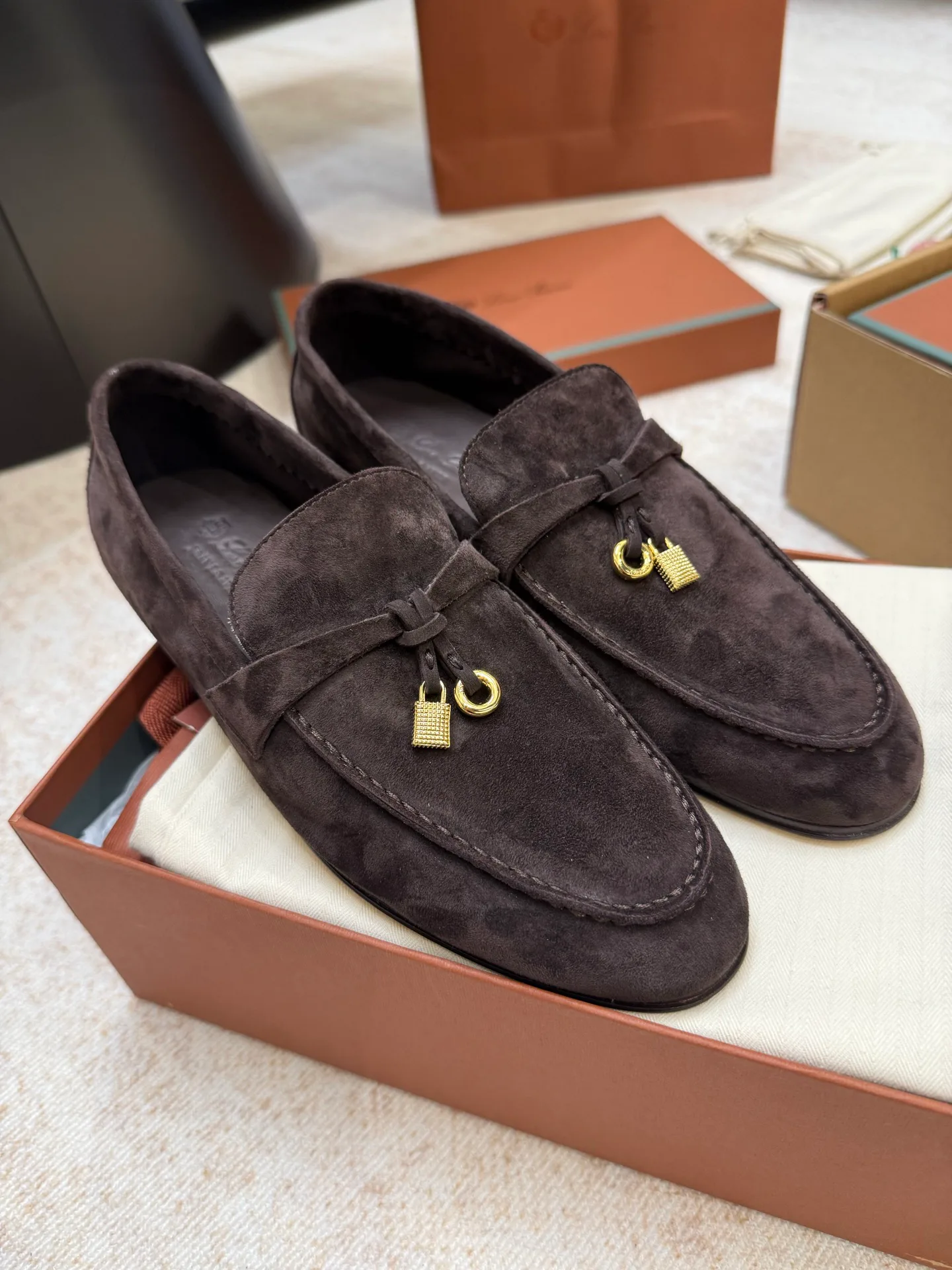 Лоферы И Мокасины Женские Loro Piana 10408017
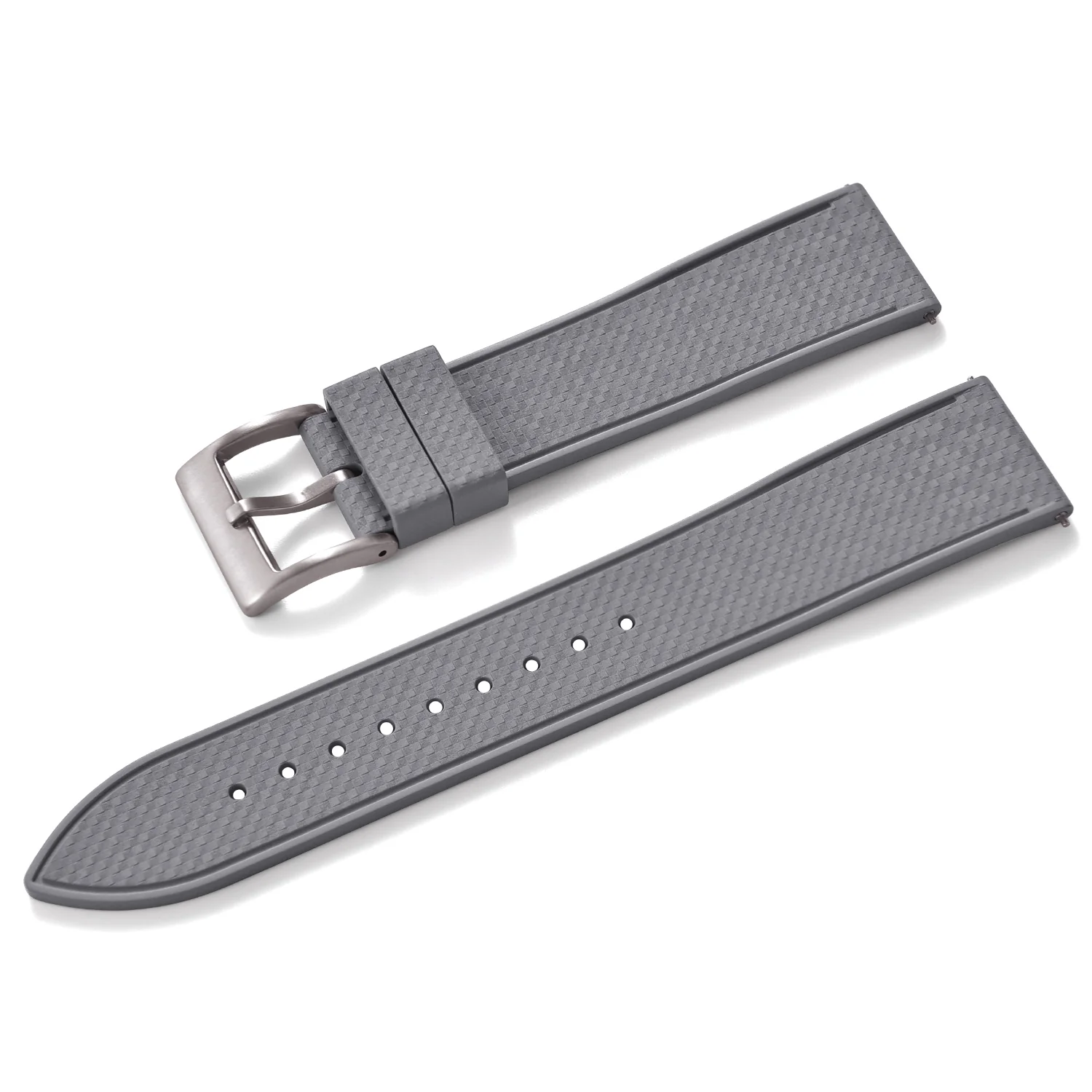 Halifax Watch Bands - Mosaic FKM Rubber Strap - Image 19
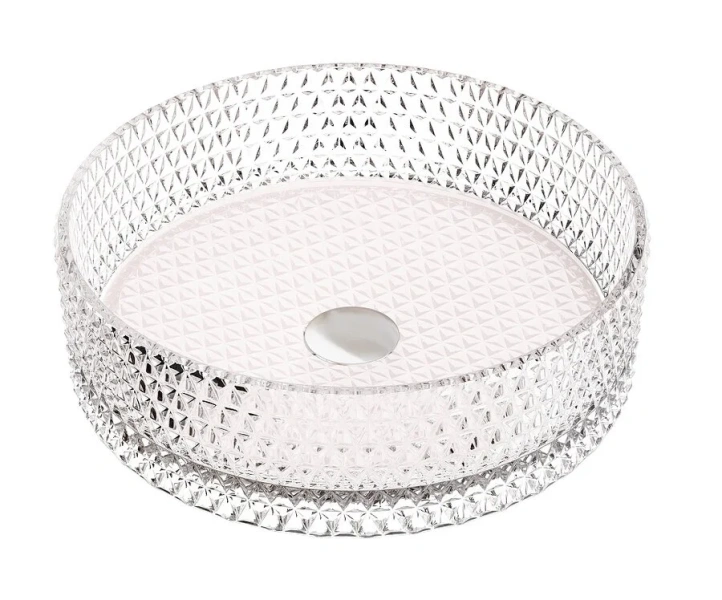 Раковина Ceramica Nova Cristal 36 см розовая CN6061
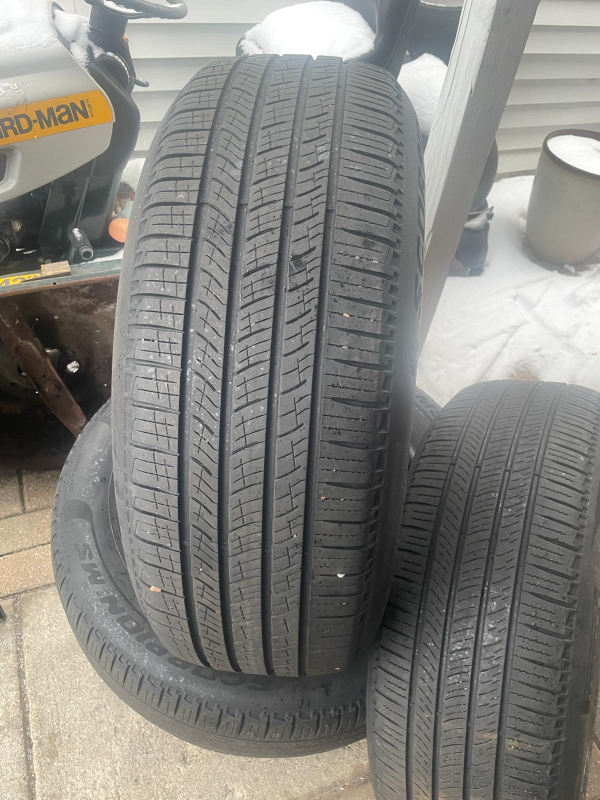 Set of good year Tires - photo 2
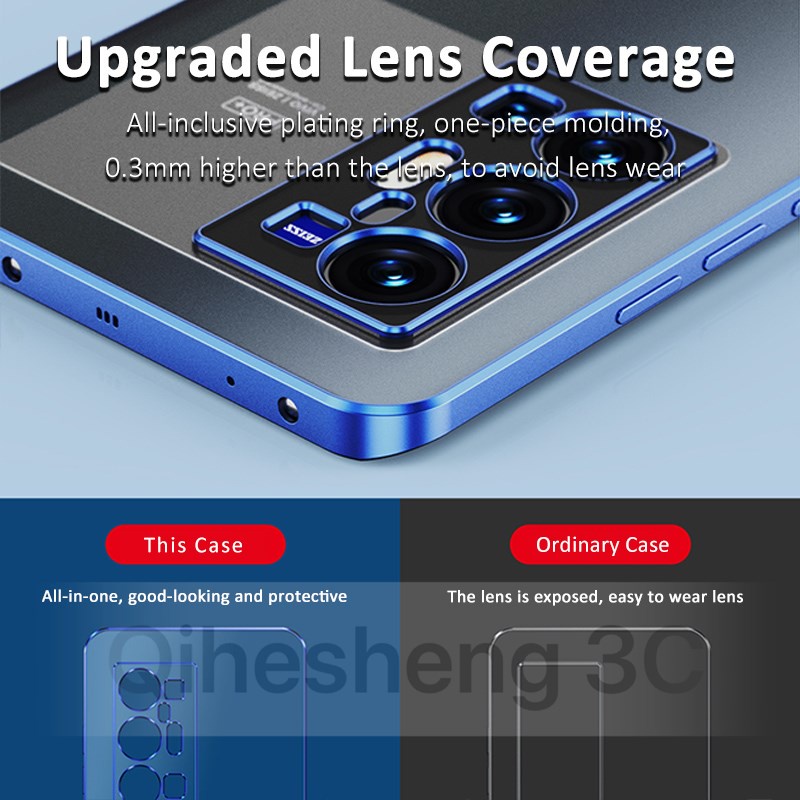 Ốp điện thoại TPU mềm nhám trong suốt cho Vivo X70 X60 X50 Pro Pro+ Plus X70Pro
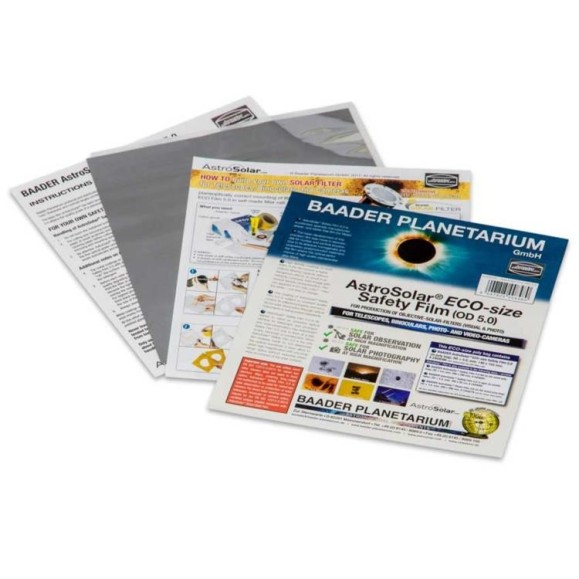 Film solaire Baader ECO 14x15,5 cm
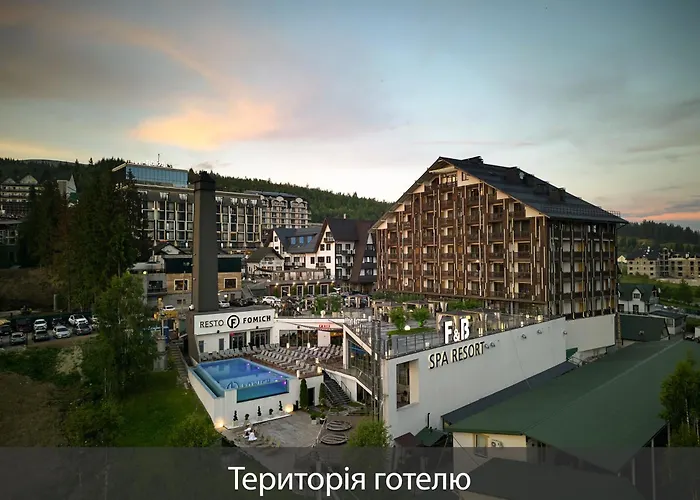 F&B Spa ResortГотель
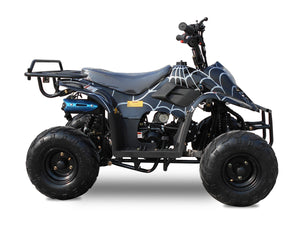 Rex 110cc ATV | 4-Stroke Automatic Transmission Spider Black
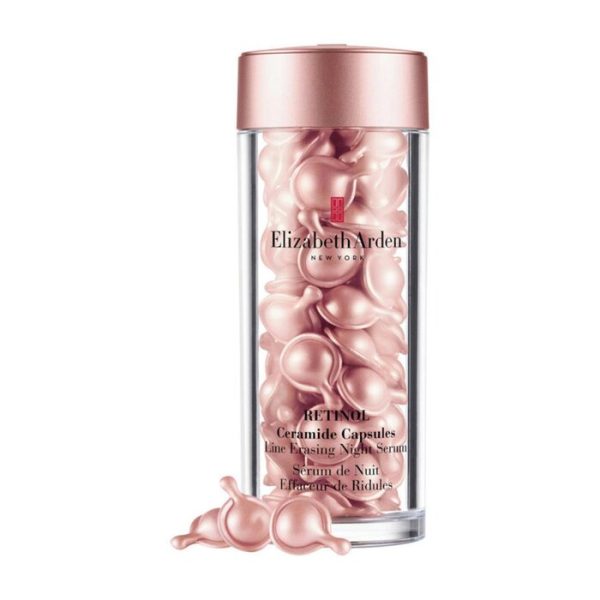 ELIZABETH ARDEN RETINOL CERAMIDE CAPSULES LINE ERASING NIGHT SERUM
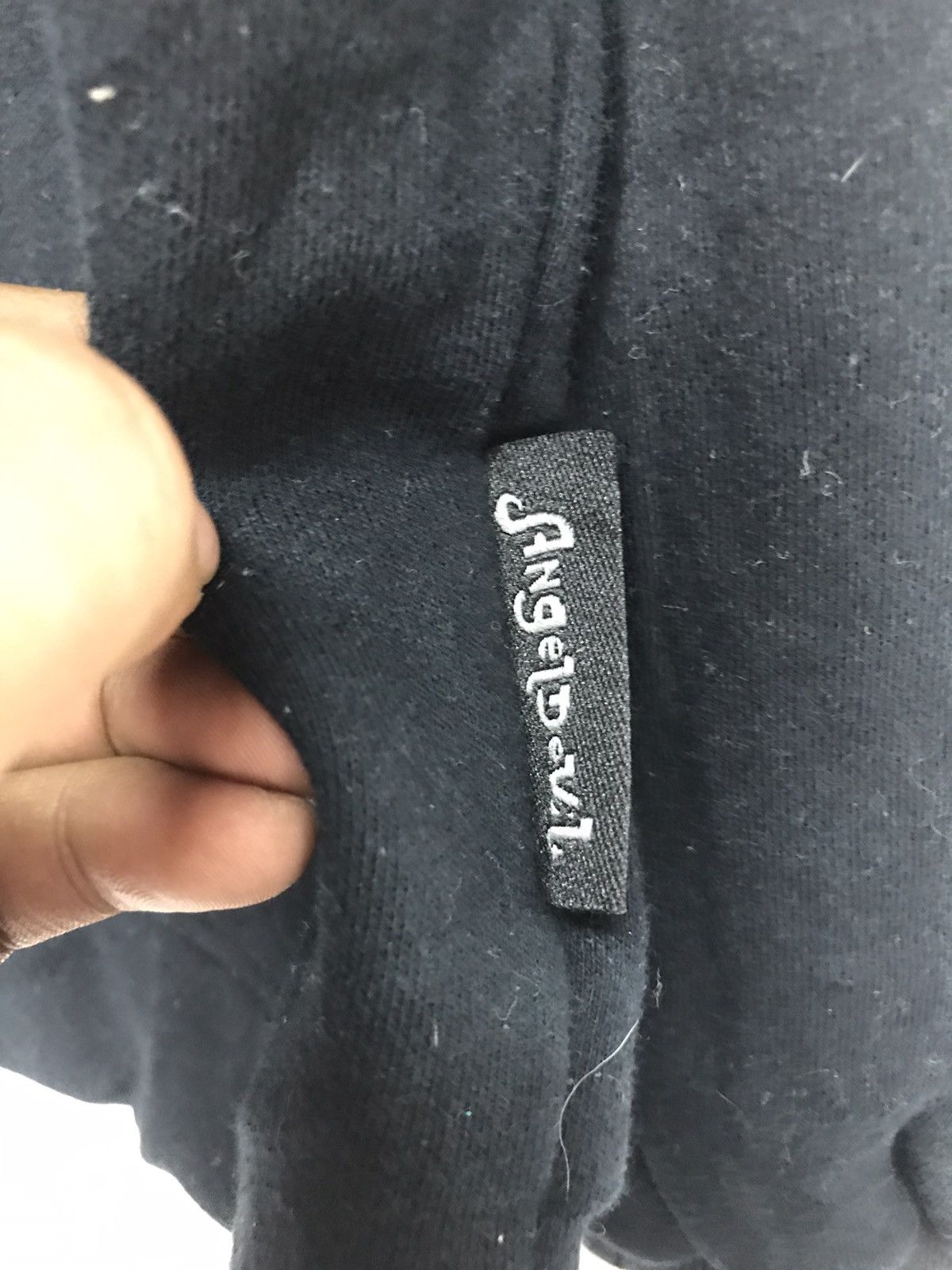 Other A-devil embroidered spellout sweatshirt Size US L / EU 52-54 / 3 - 7 Thumbnail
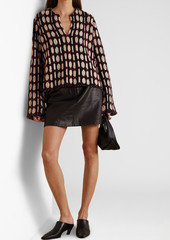 Khaite - Willow jacquard-knit cashmere sweater - Black - XS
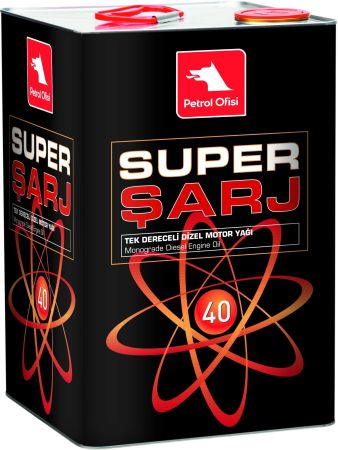 SUPERSARJ SAE 40 SUPERSARJ SAE 40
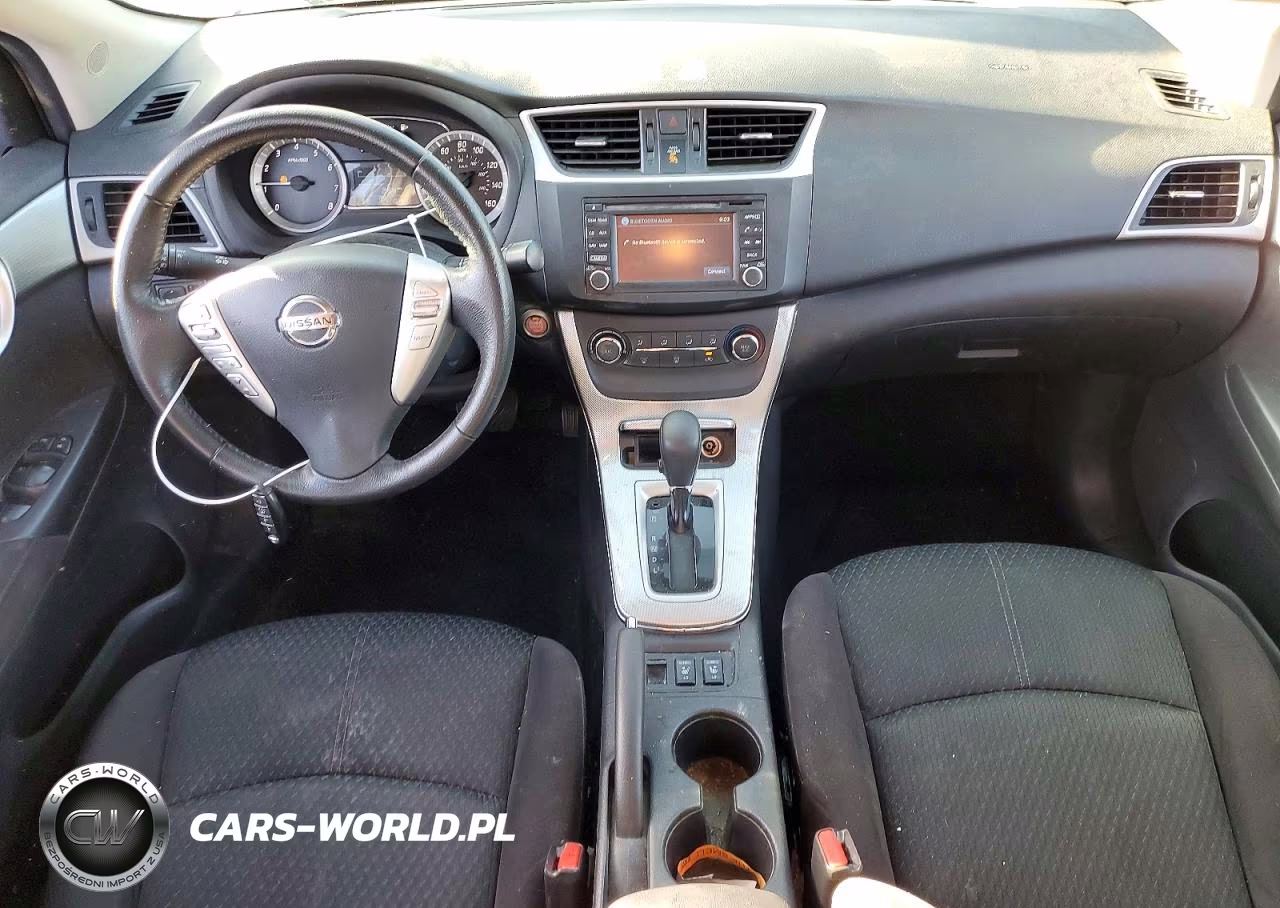 2015 Nissan Sentra Sr VIN:3N1AB7AP0FY322867 - 8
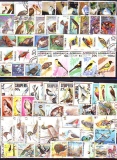Vögel  H14  70 Werte gestempelt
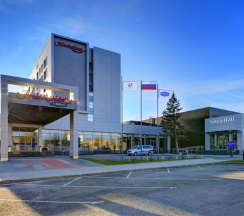 Номер стандарт с двумя односпальными кроватями в Hampton by Hilton
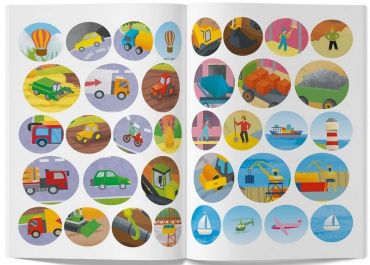 Інтерактивні наліпки. Транспорт - фото 4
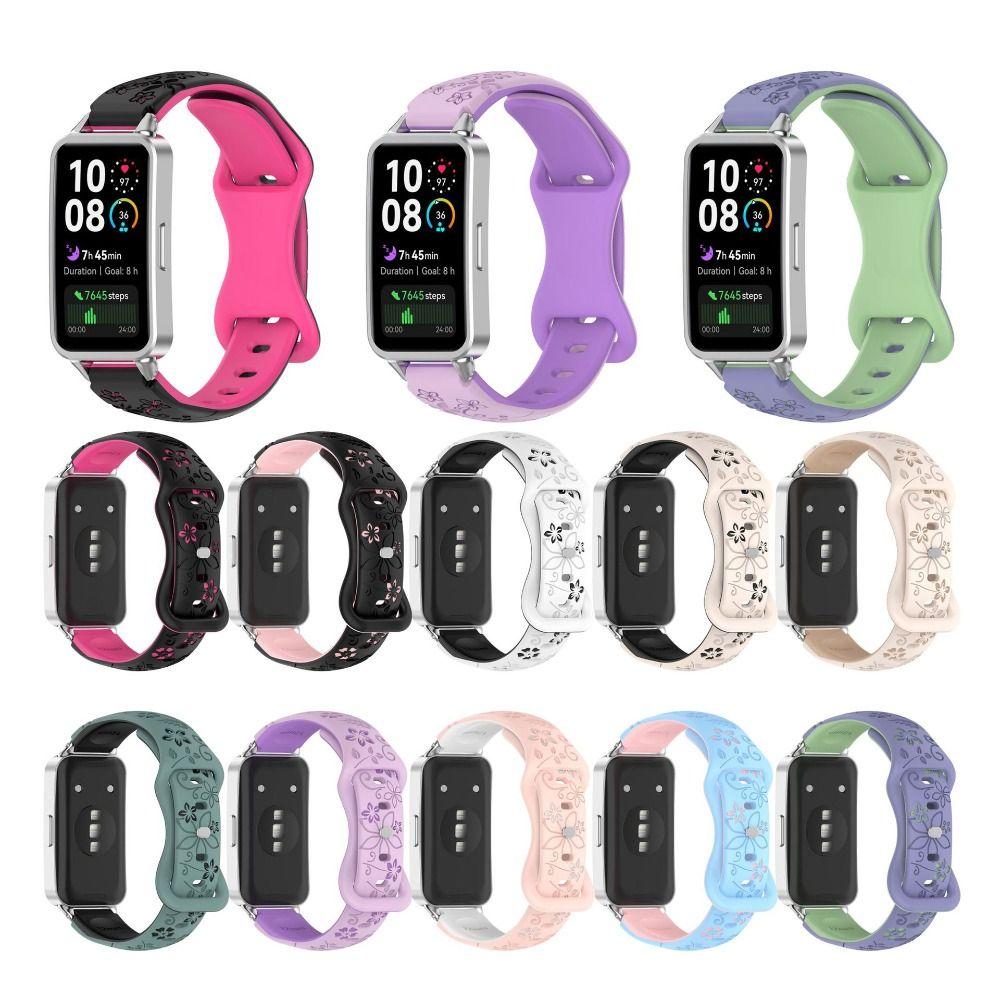 Adjustable Smart Watch Wristband Replaceable Band Belt Bracelet for Huawei Band 10 8 9 Universal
────────────────────
#### Exercise description:
Exactly the lines from the one holding "Other A-devil embroidered" to the last line of the records above should be duplicated, with no pictures among them.

#### Exercise output:
 Other A-devil embroidered spellout sweatshirt Size US L / EU 52-54 / 3 - 7 Thumbnail
 Khaite - Willow jacquard-knit cashmere sweater - Black - XS
 SUPERSARJ SAE 40 SUPERSARJ SAE 40
 2015 Nissan Sentra Sr VIN:3N1AB7AP0FY322867 - 8
Vögel  H14  70 Werte gestempelt
 Номер стандарт с двумя односпальными кроватями в Hampton by Hilton
 Інтерактивні наліпки. Транспорт - фото 4
 Adjustable Smart Watch Wristband Replaceable Band Belt Bracelet for Huawei Band 10 8 9 Universal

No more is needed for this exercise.